Free Film Festival Brings Stories of Working Life to Four Yukon Communities

There is passion driving a new set of films about the struggles of workers in Canada and around the world.

The Canadian Labour International Film Festival (CLIFF) is showing a lineup of the films in 50 cities across Canada this year, including in four Yukon communities next week. The festival will be showing several films in Watson Lake on Nov. 21; in Dawson City and Whitehorse on Nov. 23; and in Old Crow on Nov. 29.

It’s a passion for the plight of workers that drove festival founder Frank Saptel to create the event five years ago and continues to drive him.

When CLIFF comes to town, there’s a double treat in store for its patrons: this year, Saptel will accompany the films and there’s a world premiere of Toronto director Kevin Fraser’s new documentary Living As Brothers.

Saptel, who is also the communications representative for the International Machinists Union, started the film festival five years ago to communicate the labour conditions of people from around the world.

“So here I was in 2007, finishing off my bachelor’s degree through my union… in Silver Springs, Maryland,” says Saptel. “They had a showing of a film called China Blue and it was part of the DC Labour Fest film festival, about a garment factory making denim jeans and the sorts of conditions the Chinese workers have to face and I was thinking, ‘we should have something like this in Toronto’ and wondering who I could get involved, so that they would do this.”

Then it occurred to him that he could actually get the project going.

“I started making notes on how to organize this, what the structure would be and before I knew it, it sketched out from a Toronto labour film festival to a Canadian labour film festival,” he says. “So those thirteen pages of notes that I scribbled out furiously, when I was supposed to be doing homework, wound up becoming in essence the structure, the framework for CLIFF, as it stands today.”

Saptel stresses the importance of CLIFF, for today’s workers and those of tomorrow.

“Workers’ history is just not taught in Canada,” he says. “We get a corporate view of history… If we start giving the young people in their education another point of view and we give them the complete story, they know their rights and they’re not going to be exploited.”

Kevin Fraser’s film Living As Brothers will have its world premiere at CLIFF’s Whitehorse showing. Fraser grew up in Niagara-On-the-Lake, Ontario, which each summer hosts thousands of migrant farm workers from Mexico and Jamaica, who pick the peach crop all through the growing season and then return to their homelands at season’s end.

Fraser worked alongside them through his high school years and got to know many of them. The local fruit farmers are dependent on these workers, some of whom have returned for as much as twenty years running and who spend six-to-nine months away from their families.

Living As Brothers tells their story and highlights the experiences of Jamaican worker Noel Smith, who has managed to finance his children’s education with his Canadian earnings.

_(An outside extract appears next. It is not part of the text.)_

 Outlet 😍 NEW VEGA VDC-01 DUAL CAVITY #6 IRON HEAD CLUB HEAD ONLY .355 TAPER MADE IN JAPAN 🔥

“I set out first and foremost to tell the audience who these men were, to tell about their families and through their stories, we learn about the issues that they face,” he says. “Theirs is a permanently temporary existence in our society. They come here and they can be sent home at any time, for basically any reason. They’re not unionized; they’re essentially at the will of the farmer and it’s a really tough, physical job. That’s the reason why they come up, because Canadians are not interested in doing this. It’s difficult and it’s boring, picking peaches for ten hours a day, at minimum wage or less.”

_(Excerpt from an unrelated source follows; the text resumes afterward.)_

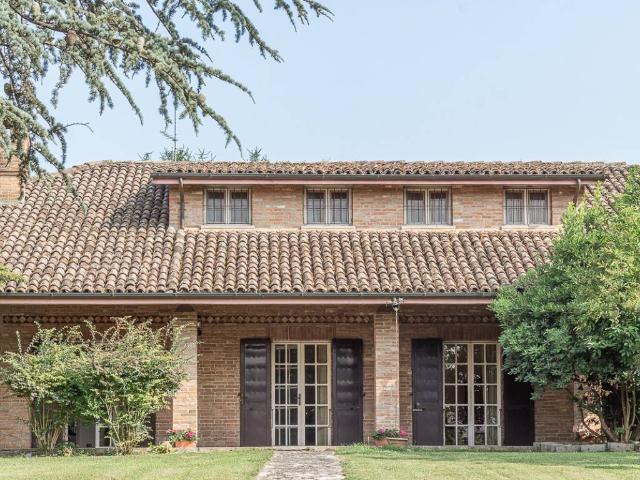 Villa Indipendente in vendita a Unione Alto Ferrarese, Mirabello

Although they are covered by Canadian health care while they’re here, they are deducted Canada pension and employment insurance payments, which they seldom get the benefits of.

Fraser went to Jamaica twice and shot footage there, while living in rural areas with the workers and their families and chronicling their lives back home.

“I wanted to make sure that my perspective was as informed as possible,” he says. “You appreciate their sacrifices, when you get to understand why they leave their families for such long periods of time. You realize that their job prospects are not great.”

Living As Brothers is an intimate, heartfelt film and Fraser’s level of caring and respect for his subjects comes shining through, especially that of his friendship with main character Noel Smith, who has faced much adversity in recent years.

Fraser has just initiated a fund to help Smith, contributing out of his own pocket, because last month Smith’s own farm back home in Jamaica was wiped out when Hurricane Sandy made landfall on the island in October and this devastation comes following his contract in Canada being abruptly terminated after many years of service. Details on how to help can be found on the director’s website: www.kevinfraser.ca/livingasbrothers.

CLIFF films will be shown free of charge in four Yukon communities:

Watson Lake: Wed. Nov. 21, 7 p.m., Northern Lights Centre

Dawson City: Fri. Nov. 23, 7 p.m., Danoja Zho Cultural Centre

Whitehorse: Fri. Nov. 23, 7 p.m., MacBride Museum.